» Data section:
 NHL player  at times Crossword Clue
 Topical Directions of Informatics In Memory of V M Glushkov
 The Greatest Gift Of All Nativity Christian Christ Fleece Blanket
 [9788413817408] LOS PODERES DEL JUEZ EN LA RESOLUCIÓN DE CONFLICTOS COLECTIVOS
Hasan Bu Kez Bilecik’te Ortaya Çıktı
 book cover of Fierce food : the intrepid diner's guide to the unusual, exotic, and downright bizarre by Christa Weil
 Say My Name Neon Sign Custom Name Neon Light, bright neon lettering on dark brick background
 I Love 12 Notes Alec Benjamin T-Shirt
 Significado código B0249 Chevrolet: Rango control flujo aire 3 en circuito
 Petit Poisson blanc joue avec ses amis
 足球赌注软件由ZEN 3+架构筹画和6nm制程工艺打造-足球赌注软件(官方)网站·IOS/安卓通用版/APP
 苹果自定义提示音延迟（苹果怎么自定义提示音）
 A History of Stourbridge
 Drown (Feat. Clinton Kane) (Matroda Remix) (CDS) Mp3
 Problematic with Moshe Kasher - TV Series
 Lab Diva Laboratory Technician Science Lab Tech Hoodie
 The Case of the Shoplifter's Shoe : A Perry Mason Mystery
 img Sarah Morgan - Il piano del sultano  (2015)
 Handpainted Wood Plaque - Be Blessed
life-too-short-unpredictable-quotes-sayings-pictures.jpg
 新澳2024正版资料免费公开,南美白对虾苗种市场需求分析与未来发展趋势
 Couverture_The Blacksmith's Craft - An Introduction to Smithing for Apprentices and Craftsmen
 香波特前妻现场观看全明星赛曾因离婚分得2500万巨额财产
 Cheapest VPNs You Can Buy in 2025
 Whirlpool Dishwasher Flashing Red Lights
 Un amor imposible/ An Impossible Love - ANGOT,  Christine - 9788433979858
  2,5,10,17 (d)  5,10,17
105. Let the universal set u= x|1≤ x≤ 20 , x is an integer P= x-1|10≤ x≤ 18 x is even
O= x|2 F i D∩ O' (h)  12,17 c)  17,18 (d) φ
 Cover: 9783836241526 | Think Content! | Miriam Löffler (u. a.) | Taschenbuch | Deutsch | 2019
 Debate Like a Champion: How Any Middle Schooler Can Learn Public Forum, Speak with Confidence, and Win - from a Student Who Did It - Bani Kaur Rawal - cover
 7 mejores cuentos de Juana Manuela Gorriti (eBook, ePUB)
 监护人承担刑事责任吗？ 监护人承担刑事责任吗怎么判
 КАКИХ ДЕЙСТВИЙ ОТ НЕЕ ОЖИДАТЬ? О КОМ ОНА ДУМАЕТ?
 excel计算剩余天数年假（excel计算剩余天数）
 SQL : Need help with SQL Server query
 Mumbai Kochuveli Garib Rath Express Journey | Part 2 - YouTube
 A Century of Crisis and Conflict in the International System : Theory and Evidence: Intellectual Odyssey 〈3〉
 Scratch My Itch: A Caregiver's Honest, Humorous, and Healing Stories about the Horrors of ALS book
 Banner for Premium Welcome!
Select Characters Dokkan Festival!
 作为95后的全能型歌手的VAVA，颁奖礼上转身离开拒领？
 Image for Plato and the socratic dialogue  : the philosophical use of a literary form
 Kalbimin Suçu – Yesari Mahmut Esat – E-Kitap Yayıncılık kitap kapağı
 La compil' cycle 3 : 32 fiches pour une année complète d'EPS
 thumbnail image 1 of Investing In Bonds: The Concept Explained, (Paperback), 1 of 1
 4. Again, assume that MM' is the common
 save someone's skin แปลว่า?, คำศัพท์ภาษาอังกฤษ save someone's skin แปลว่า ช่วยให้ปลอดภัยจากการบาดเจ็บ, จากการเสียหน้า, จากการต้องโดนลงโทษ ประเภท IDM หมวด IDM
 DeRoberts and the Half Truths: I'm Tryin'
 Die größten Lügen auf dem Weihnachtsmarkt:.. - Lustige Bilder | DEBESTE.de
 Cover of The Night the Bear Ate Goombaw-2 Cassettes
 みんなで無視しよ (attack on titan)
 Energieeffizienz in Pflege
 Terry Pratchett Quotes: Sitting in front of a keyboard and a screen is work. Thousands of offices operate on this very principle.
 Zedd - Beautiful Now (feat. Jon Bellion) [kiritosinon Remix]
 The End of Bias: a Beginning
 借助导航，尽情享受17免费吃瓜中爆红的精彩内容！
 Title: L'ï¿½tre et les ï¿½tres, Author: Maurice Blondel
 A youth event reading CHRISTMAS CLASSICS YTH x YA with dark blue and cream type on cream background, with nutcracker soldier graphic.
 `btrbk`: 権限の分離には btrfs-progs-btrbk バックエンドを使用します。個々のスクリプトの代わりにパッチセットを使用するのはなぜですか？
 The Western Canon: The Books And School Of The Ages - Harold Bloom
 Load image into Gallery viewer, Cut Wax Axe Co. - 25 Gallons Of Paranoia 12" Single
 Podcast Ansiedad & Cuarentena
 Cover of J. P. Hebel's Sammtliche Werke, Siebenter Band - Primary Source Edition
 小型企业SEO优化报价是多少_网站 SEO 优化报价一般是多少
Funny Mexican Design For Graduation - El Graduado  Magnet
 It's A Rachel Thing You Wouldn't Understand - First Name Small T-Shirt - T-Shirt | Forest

» Task:
Retype the entries above exactly as they appear.

» Response to the task:
 NHL player  at times Crossword Clue
 Topical Directions of Informatics In Memory of V M Glushkov
 The Greatest Gift Of All Nativity Christian Christ Fleece Blanket
 [9788413817408] LOS PODERES DEL JUEZ EN LA RESOLUCIÓN DE CONFLICTOS COLECTIVOS
Hasan Bu Kez Bilecik’te Ortaya Çıktı
 book cover of Fierce food : the intrepid diner's guide to the unusual, exotic, and downright bizarre by Christa Weil
 Say My Name Neon Sign Custom Name Neon Light, bright neon lettering on dark brick background
 I Love 12 Notes Alec Benjamin T-Shirt
 Significado código B0249 Chevrolet: Rango control flujo aire 3 en circuito
 Petit Poisson blanc joue avec ses amis
 足球赌注软件由ZEN 3+架构筹画和6nm制程工艺打造-足球赌注软件(官方)网站·IOS/安卓通用版/APP
 苹果自定义提示音延迟（苹果怎么自定义提示音）
 A History of Stourbridge
 Drown (Feat. Clinton Kane) (Matroda Remix) (CDS) Mp3
 Problematic with Moshe Kasher - TV Series
 Lab Diva Laboratory Technician Science Lab Tech Hoodie
 The Case of the Shoplifter's Shoe : A Perry Mason Mystery
 img Sarah Morgan - Il piano del sultano  (2015)
 Handpainted Wood Plaque - Be Blessed
life-too-short-unpredictable-quotes-sayings-pictures.jpg
 新澳2024正版资料免费公开,南美白对虾苗种市场需求分析与未来发展趋势
 Couverture_The Blacksmith's Craft - An Introduction to Smithing for Apprentices and Craftsmen
 香波特前妻现场观看全明星赛曾因离婚分得2500万巨额财产
 Cheapest VPNs You Can Buy in 2025
 Whirlpool Dishwasher Flashing Red Lights
 Un amor imposible/ An Impossible Love - ANGOT,  Christine - 9788433979858
  2,5,10,17 (d)  5,10,17
105. Let the universal set u= x|1≤ x≤ 20 , x is an integer P= x-1|10≤ x≤ 18 x is even
O= x|2 F i D∩ O' (h)  12,17 c)  17,18 (d) φ
 Cover: 9783836241526 | Think Content! | Miriam Löffler (u. a.) | Taschenbuch | Deutsch | 2019
 Debate Like a Champion: How Any Middle Schooler Can Learn Public Forum, Speak with Confidence, and Win - from a Student Who Did It - Bani Kaur Rawal - cover
 7 mejores cuentos de Juana Manuela Gorriti (eBook, ePUB)
 监护人承担刑事责任吗？ 监护人承担刑事责任吗怎么判
 КАКИХ ДЕЙСТВИЙ ОТ НЕЕ ОЖИДАТЬ? О КОМ ОНА ДУМАЕТ?
 excel计算剩余天数年假（excel计算剩余天数）
 SQL : Need help with SQL Server query
 Mumbai Kochuveli Garib Rath Express Journey | Part 2 - YouTube
 A Century of Crisis and Conflict in the International System : Theory and Evidence: Intellectual Odyssey 〈3〉
 Scratch My Itch: A Caregiver's Honest, Humorous, and Healing Stories about the Horrors of ALS book
 Banner for Premium Welcome!
Select Characters Dokkan Festival!
 作为95后的全能型歌手的VAVA，颁奖礼上转身离开拒领？
 Image for Plato and the socratic dialogue  : the philosophical use of a literary form
 Kalbimin Suçu – Yesari Mahmut Esat – E-Kitap Yayıncılık kitap kapağı
 La compil' cycle 3 : 32 fiches pour une année complète d'EPS
 thumbnail image 1 of Investing In Bonds: The Concept Explained, (Paperback), 1 of 1
 4. Again, assume that MM' is the common
 save someone's skin แปลว่า?, คำศัพท์ภาษาอังกฤษ save someone's skin แปลว่า ช่วยให้ปลอดภัยจากการบาดเจ็บ, จากการเสียหน้า, จากการต้องโดนลงโทษ ประเภท IDM หมวด IDM
 DeRoberts and the Half Truths: I'm Tryin'
 Die größten Lügen auf dem Weihnachtsmarkt:.. - Lustige Bilder | DEBESTE.de
 Cover of The Night the Bear Ate Goombaw-2 Cassettes
 みんなで無視しよ (attack on titan)
 Energieeffizienz in Pflege
 Terry Pratchett Quotes: Sitting in front of a keyboard and a screen is work. Thousands of offices operate on this very principle.
 Zedd - Beautiful Now (feat. Jon Bellion) [kiritosinon Remix]
 The End of Bias: a Beginning
 借助导航，尽情享受17免费吃瓜中爆红的精彩内容！
 Title: L'ï¿½tre et les ï¿½tres, Author: Maurice Blondel
 A youth event reading CHRISTMAS CLASSICS YTH x YA with dark blue and cream type on cream background, with nutcracker soldier graphic.
 `btrbk`: 権限の分離には btrfs-progs-btrbk バックエンドを使用します。個々のスクリプトの代わりにパッチセットを使用するのはなぜですか？
 The Western Canon: The Books And School Of The Ages - Harold Bloom
 Load image into Gallery viewer, Cut Wax Axe Co. - 25 Gallons Of Paranoia 12" Single
 Podcast Ansiedad & Cuarentena
 Cover of J. P. Hebel's Sammtliche Werke, Siebenter Band - Primary Source Edition
 小型企业SEO优化报价是多少_网站 SEO 优化报价一般是多少
Funny Mexican Design For Graduation - El Graduado  Magnet
 It's A Rachel Thing You Wouldn't Understand - First Name Small T-Shirt - T-Shirt | Forest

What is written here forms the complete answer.